A LITTLE while ago, during a short visit to America, I was often questioned about the Dardanelles Campaign.* People asked me why that attempt had been made, why it had been made in that particular manner, why other courses had not been taken, why this had been done and that either neglected or forgotten, and whether a little more persistence, here or there, would not have given us the victory. These questions were often followed by criticism of various kinds, some of it plainly suggested by our enemies, some of it shrewd, and some the honest opinion of men and women happily ignorant of modern war. I answered questions and criticism as best I could, but in the next town they were repeated to me, and in the town beyond reiterated, until I wished that I had a printed leaflet, giving my views of the matter, to distribute among my questioners.

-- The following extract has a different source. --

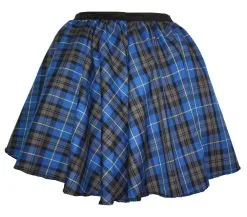 Ladies Blue Hunting Tartan Full Circle Skater Skirt With Elasticated Waistband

See The Gallipoli Landings. The campaign was devised early in 1915 as a new front against the German Empire. The plan was to knock Turkey, or the Ottoman Empire as it then was, out of the Great War by sailing the Royal Navy’s Aegean fleet right up to her capital Constantinople (Istanbul) through the connecting Dardanelles Strait. This required the army to clear guns from the slim Gallipoli Peninsula that forms the northern shore. The campaign began on April 25th, 1915; by December little progress had been made, despite the loss of some 44,000 Allied lives. The ships never sailed through the Strait; Winston Churchill was dismissed as First Lord of the Admiralty; Herbert Asquith’s reputation as a weak wartime leader became more widespread, and he was ousted by David Lloyd George in December 1916.